Image-caption web data:
%%

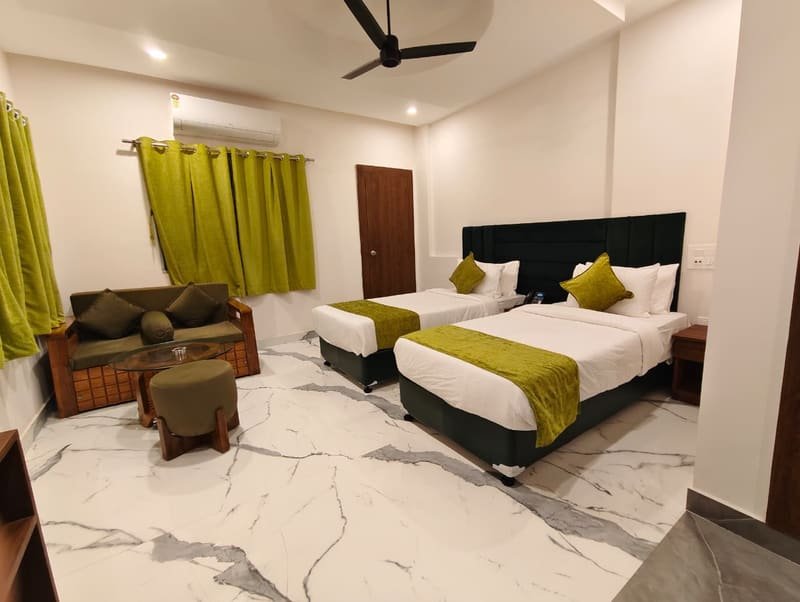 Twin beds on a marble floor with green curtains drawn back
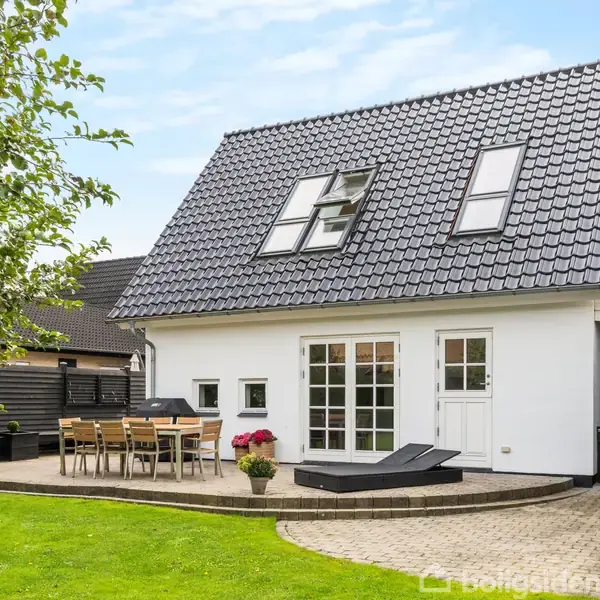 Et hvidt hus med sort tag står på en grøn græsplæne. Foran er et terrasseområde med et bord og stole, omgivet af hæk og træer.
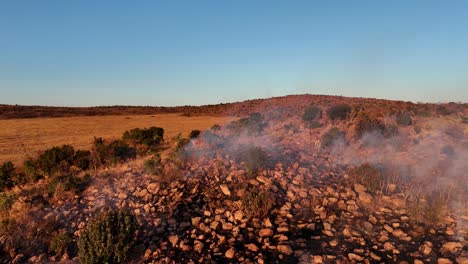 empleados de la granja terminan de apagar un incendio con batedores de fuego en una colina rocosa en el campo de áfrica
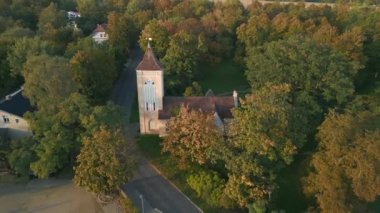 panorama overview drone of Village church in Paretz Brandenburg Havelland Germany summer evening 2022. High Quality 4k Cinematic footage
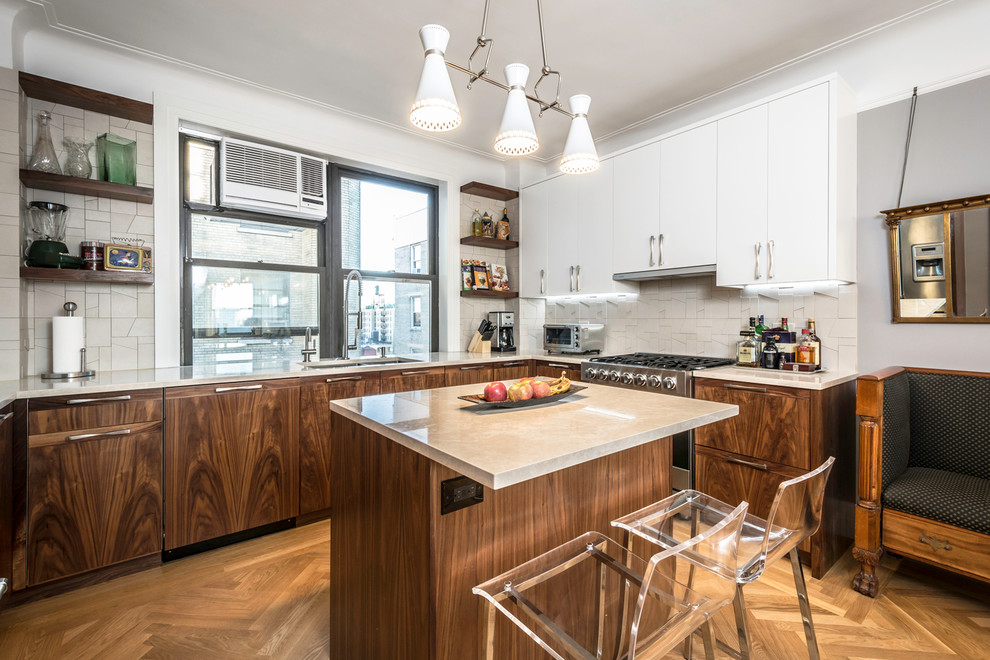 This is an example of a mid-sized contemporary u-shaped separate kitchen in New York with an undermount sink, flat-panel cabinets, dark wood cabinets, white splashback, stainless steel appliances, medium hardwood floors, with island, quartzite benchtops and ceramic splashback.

%%

--- PROBLEM DESCRIPTION ---
Could you set down, exactly as written, every line from the start of the records above through the line containing "panorama overview drone", leaving the pictures out?

--- OUTPUT BELOW ---
 Twin beds on a marble floor with green curtains drawn back
 Et hvidt hus med sort tag står på en grøn græsplæne. Foran er et terrasseområde med et bord og stole, omgivet af hæk og træer.
 empleados de la granja terminan de apagar un incendio con batedores de fuego en una colina rocosa en el campo de áfrica
 panorama overview drone of Village church in Paretz Brandenburg Havelland Germany summer evening 2022. High Quality 4k Cinematic footage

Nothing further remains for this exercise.